Dataset excerpts
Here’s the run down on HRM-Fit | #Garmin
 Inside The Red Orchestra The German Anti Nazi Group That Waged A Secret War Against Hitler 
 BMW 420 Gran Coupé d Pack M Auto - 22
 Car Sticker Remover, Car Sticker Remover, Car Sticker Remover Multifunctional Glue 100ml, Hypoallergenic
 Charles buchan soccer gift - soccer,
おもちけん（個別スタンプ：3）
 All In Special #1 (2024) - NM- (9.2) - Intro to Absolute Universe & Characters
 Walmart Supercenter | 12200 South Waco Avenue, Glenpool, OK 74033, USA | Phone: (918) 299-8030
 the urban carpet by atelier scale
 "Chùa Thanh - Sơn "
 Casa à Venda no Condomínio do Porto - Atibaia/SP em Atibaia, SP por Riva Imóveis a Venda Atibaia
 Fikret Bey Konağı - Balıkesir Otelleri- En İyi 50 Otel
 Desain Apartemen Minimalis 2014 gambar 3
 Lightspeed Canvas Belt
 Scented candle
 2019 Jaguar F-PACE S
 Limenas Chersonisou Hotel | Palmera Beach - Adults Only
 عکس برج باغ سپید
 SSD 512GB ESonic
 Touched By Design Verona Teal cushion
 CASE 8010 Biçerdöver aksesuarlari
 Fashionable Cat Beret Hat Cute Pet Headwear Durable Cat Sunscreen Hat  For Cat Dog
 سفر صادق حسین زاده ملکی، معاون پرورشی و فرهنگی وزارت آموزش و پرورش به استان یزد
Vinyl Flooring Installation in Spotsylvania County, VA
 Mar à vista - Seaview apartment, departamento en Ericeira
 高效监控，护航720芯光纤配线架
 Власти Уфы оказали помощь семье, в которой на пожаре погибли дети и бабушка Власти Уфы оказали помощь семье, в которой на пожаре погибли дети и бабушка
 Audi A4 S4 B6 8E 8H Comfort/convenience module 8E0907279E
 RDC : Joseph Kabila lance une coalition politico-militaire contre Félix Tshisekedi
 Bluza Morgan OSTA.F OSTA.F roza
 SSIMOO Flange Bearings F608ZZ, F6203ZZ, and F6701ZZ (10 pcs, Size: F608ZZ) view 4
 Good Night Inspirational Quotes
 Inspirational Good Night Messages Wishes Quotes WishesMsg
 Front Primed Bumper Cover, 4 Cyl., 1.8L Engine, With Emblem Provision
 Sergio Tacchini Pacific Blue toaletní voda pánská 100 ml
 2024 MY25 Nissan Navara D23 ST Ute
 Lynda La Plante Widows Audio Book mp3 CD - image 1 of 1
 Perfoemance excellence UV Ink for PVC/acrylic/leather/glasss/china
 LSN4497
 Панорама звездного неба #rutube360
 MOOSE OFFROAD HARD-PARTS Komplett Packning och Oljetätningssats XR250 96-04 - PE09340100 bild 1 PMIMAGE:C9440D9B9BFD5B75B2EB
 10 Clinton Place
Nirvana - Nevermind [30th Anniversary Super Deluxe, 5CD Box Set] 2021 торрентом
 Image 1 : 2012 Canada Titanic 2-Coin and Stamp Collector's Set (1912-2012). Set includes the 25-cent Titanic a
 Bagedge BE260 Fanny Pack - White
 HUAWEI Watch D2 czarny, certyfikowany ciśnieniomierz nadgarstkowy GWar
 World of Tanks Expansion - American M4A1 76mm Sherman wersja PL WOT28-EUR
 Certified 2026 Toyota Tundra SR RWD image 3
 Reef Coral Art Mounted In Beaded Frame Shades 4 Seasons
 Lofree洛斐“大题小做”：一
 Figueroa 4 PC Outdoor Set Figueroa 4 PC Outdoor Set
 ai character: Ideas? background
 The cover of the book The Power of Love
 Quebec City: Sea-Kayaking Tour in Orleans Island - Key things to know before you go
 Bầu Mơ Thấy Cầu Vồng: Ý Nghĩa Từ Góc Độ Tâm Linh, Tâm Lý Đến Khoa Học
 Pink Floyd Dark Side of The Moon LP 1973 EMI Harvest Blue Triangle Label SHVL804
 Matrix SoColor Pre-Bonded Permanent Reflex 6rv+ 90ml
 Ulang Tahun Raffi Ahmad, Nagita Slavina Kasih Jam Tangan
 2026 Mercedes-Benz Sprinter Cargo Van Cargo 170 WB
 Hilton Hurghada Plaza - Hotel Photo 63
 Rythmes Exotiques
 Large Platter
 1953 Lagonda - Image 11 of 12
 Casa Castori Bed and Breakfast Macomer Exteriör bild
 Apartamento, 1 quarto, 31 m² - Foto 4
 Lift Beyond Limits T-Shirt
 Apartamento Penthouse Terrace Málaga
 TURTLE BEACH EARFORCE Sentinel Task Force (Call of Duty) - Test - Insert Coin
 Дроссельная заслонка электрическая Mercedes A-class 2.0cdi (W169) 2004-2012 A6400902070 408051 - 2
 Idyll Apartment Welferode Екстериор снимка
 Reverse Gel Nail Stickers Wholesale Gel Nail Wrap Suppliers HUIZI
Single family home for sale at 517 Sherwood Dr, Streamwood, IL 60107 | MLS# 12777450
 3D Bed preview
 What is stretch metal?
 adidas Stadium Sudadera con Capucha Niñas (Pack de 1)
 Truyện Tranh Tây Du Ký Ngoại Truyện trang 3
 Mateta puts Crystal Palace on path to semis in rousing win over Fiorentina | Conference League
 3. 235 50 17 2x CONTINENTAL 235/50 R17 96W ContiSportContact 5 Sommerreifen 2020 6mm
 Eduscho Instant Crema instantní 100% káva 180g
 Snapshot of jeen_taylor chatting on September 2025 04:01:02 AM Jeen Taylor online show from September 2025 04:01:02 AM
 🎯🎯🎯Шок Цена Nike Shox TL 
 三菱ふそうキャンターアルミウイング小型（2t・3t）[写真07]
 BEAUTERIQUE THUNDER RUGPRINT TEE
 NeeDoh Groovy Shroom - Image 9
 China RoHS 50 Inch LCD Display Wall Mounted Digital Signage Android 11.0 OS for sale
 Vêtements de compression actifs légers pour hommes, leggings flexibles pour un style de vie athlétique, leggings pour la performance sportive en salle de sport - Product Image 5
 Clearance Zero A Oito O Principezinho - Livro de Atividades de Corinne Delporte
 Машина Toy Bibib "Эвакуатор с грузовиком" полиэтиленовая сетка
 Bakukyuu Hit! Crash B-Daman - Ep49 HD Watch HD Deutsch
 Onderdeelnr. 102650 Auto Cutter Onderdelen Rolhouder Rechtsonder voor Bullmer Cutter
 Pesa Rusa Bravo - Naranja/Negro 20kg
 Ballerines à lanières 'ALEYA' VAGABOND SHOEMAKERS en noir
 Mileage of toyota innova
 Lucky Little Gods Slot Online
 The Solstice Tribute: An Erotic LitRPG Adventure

Your goal → The answer is the lines above between the line holding "Nirvana - Nevermind" and the line holding "Bagedge BE260 Fanny Pack - White", inclusive, each written out exactly, and no others.

Problem solution →
Nirvana - Nevermind [30th Anniversary Super Deluxe, 5CD Box Set] 2021 торрентом
 Image 1 : 2012 Canada Titanic 2-Coin and Stamp Collector's Set (1912-2012). Set includes the 25-cent Titanic a
 Bagedge BE260 Fanny Pack - White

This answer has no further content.